The fear was widespread: field workers’ baseball caps would have large ears; tourist buses would flood the roads; fireworks would destroy the ambience; and the volume of wine produced would be so great it would rival the world’s largest wineries.
Not only did none of that occur, but in the last four decades, results of that heralded investment has resulted in nothing more than exceptionally fine quality wine, crafted with such respect for the land that many people today don’t even know who the owners were.
Which is all to the credit of Ron and his late wife, Diane Disney Miller.
Silverado Vineyards was the result of the Disney family investment, which started out with the now-retired Jack Stuart as its first winemaker. Stuart carried forth the family ideal with his remarkably low-key, land-respectful approach in which balance exceeded bombast.
Today the winemaker is Jon Emmerich, only the second person in that role over the decades, and the amazing thing to me is that Silverado retains all of the pure class and the dignity that the Millers brought to the property when it was founded in 1981.
That is evidenced by what you see when you visit. Many wine-tasting facilities paper their sales rooms with posters touting how many points some of their wines received. Others display oodles of medallions from wine competitions. Still others have displays of the different soil types they farm.
At Silverado, there is no hype. But when you taste the wines, you marvel at the structure, the respect for the varietal, the respect for the land, and should you be lucky enough to meet Ron, you will get no heroic stories of the gridiron or tales of how the wines compare to First Growth Bordeaux.
He is the same quiet, charming man I first met in 1986, speaking in quiet tones of the legacy of his Stag’s Leap District project.

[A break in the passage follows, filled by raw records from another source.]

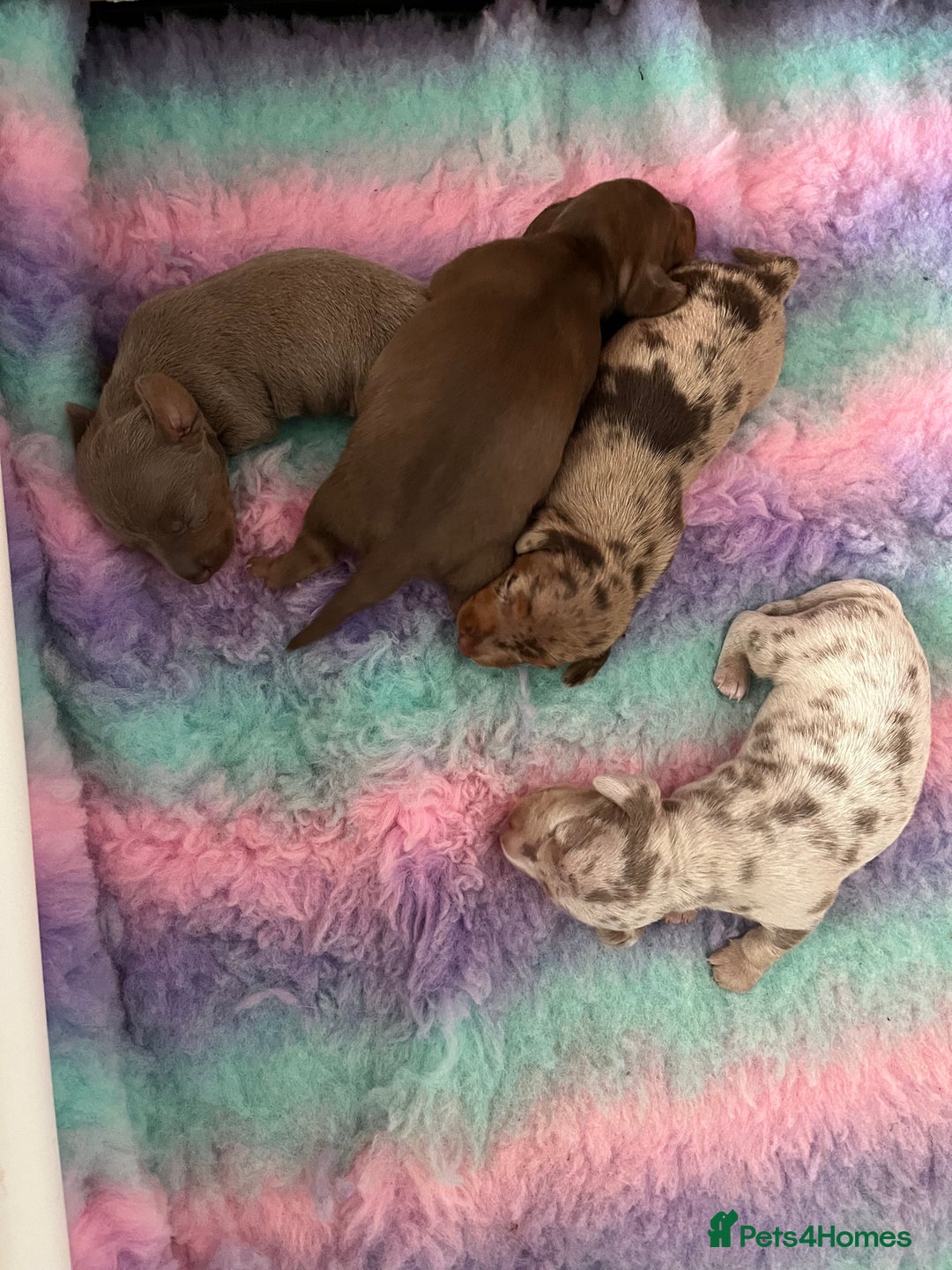 Miniature Dachshund dogs for sale: Miniature Dachshunds  - Image 1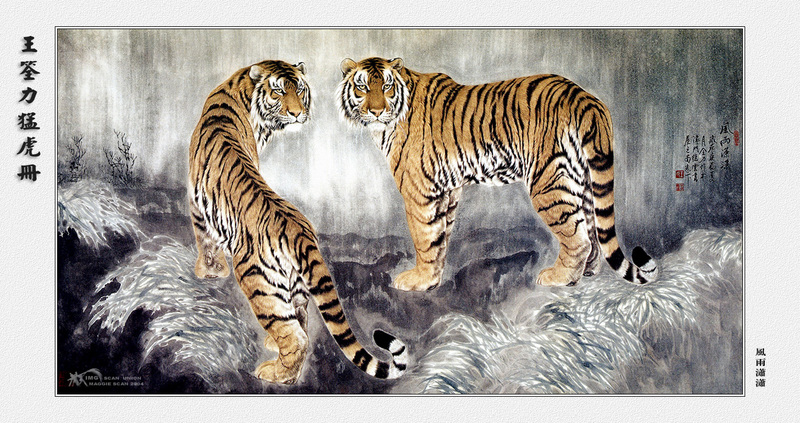 [maggie Scan] Wang Quan Li(Tiger); DISPLAY FULL IMAGE.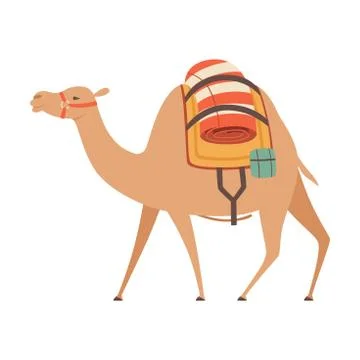 Dromedary, One Humped Camel with Saddle and Load, Side View Vector Illustration Stock Illustration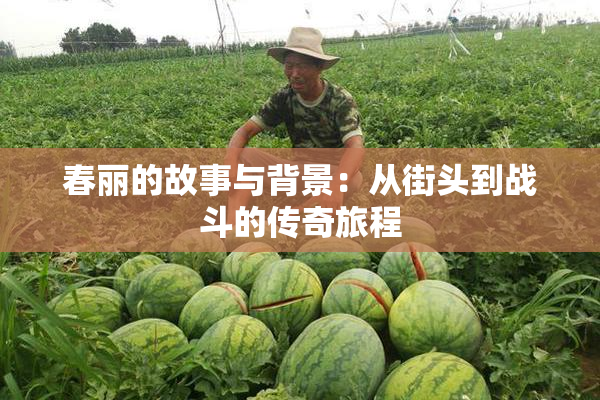 春丽的故事与背景：从街头到战斗的传奇旅程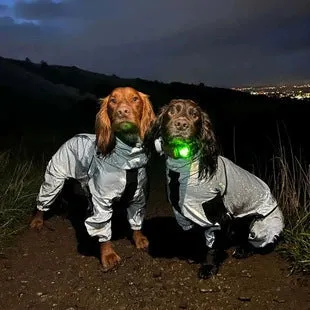 Dog wearing a reflective waterproof polyester raincoat in size M to 5XL for outdoor rain protection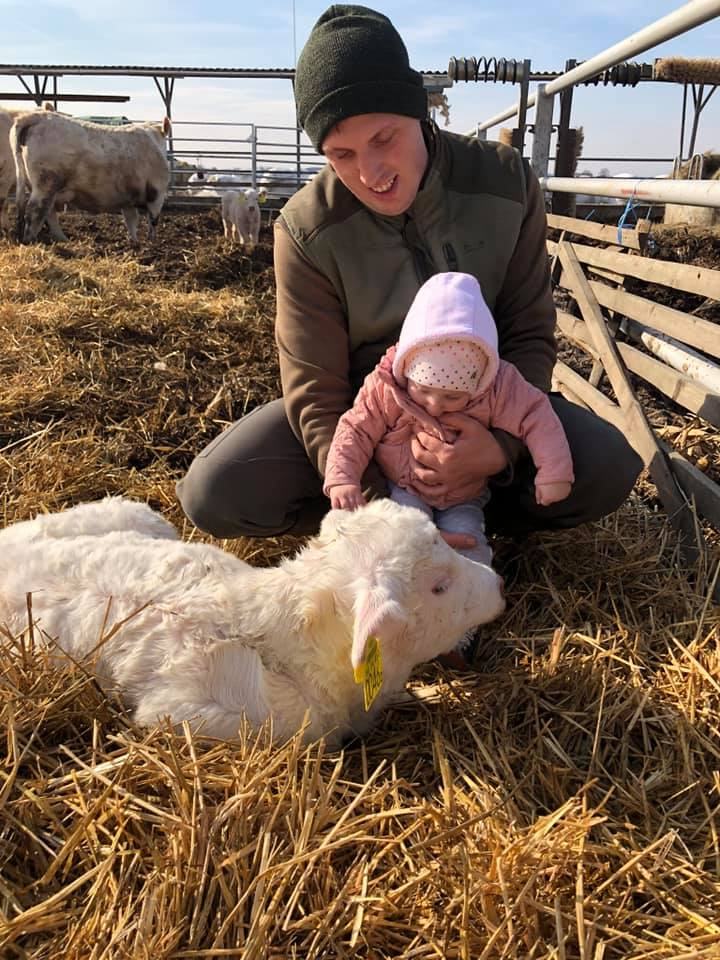 A Nyakas Charolais tenyészetből, tenyészüszők és tenyészbikák eladók.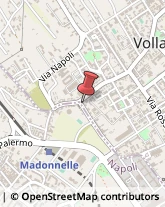 Macellerie Equine Volla,80040Napoli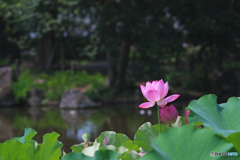 郷土の森公園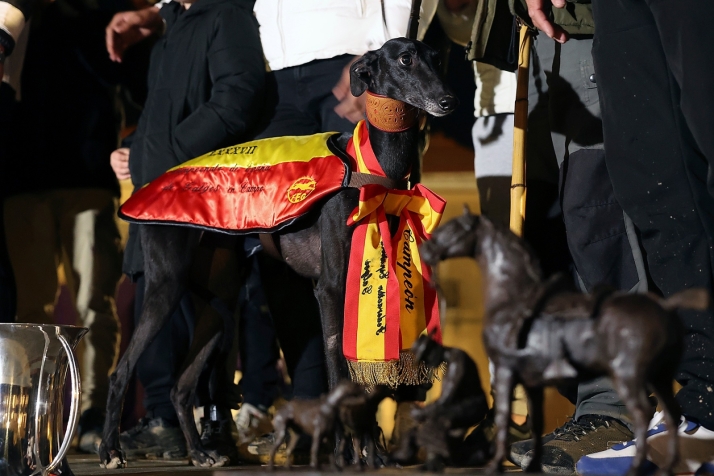 El galgo, un atleta de alto rendimiento. "Est&aacute;n hechos para correr en el campo, en una casa un galgo no es feliz" | Imagen 1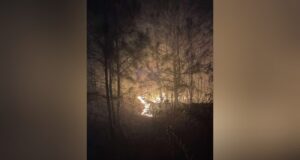 Múltiples unidades combaten incendio forestal en el condado de Talladega Múltiples unidades combaten incendio forestal en el condado de Talladega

It had been more than a decade since I visited Silverado when I recently drove up the hill in Stag’s Leap to taste the latest offerings, and I noted how subtle the property really is. Signage has always been minimal, promotion virtually nonexistent — almost the complete antithesis of Disneyland.
The late Lillian Disney, widow of Walt, her daughter, Diane, and Diane’s husband, Ron (Wisconsin 1961, and a former Los Angeles Rams QB) jointly founded the winery. Today Ron likes most the solitude of private events on the spectacular patio that overlooks the vines.
The best of it for wine lovers is that the style of wine established by Stuart and carried forward by Emmerich is far more classic and respectful of the past than many nearby producers, some of whom have gone for weight and concentration over balance and personality.